AZE.US
Natig Jafarli, the chairman of Azerbaijan’s REAL Party, has criticized the government’s approach to small and medium-sized businesses, saying officials are finally acknowledging a problem they themselves helped build.
In a public comment, Jafarli referred to media reports saying the Cabinet of Ministers met on Thursday and discussed the removal of barriers facing small and medium-sized enterprises. He said the very fact that the issue was discussed could be seen as good news, because it suggests the government has at last recognized that small and medium-sized businesses are being squeezed.
But he added that the bad news is that many of those responsible for creating this environment were sitting in the same meeting.
According to Jafarli, business owners are not expecting slogans from the government. What they want, he said, is a reduction in excessive regulation, fewer intrusive checks by state agencies, and a higher VAT-free turnover threshold for small businesses. He argued that the exemption ceiling should be raised to 1 million manats.
Jafarli also called for the dismantling of what he described as unnecessary state structures that interfere in business activity. Among them, he singled out the Azerbaijan Food Safety Agency, or AQTA, arguing that bodies like this have become more of a burden than a support mechanism for entrepreneurs.
His central point was blunt: for many small business owners, the biggest help the state can offer is simply to stop getting in the way.

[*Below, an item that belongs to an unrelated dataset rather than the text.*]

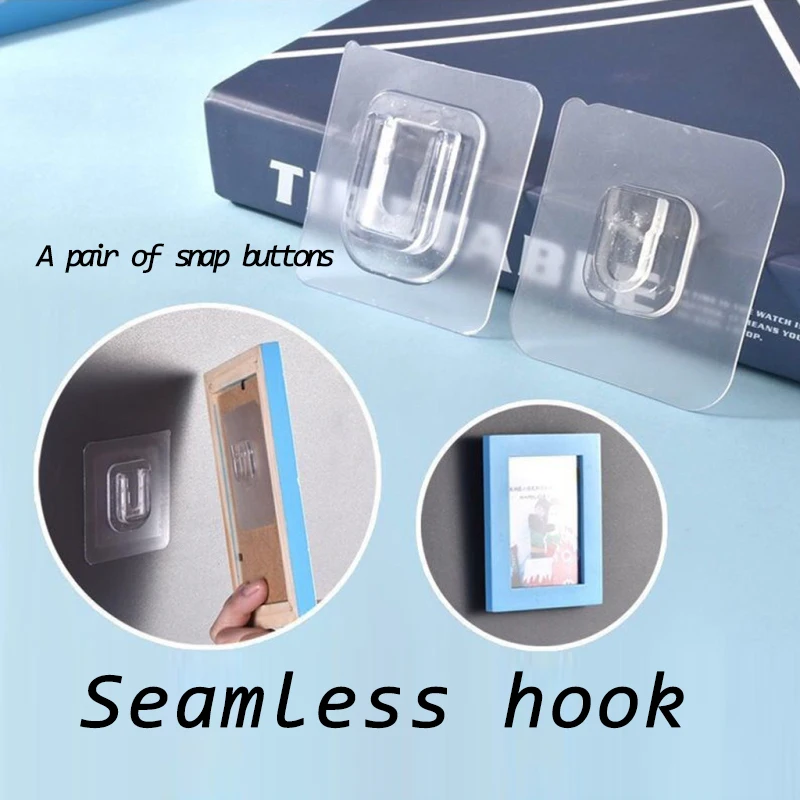 

Double Sided Adhesive Wall Hooks Wall Hanger Transparent Suction Cup Sucker Hook Double-Sided Adhesive Wall Hooks Drop Shipping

Jafarli said Azerbaijani citizens are hardworking, entrepreneurial and capable of sustaining both themselves and the broader economy if they are given room to operate. In his view, people are ready to work long hours, know how to trade and build businesses, and do not need constant administrative pressure on top of existing economic challenges.
His remarks tap into a broader and long-running debate in Azerbaijan over whether small and medium-sized businesses can become a real pillar of the economy while entrepreneurs continue to face heavy regulation and institutional interference.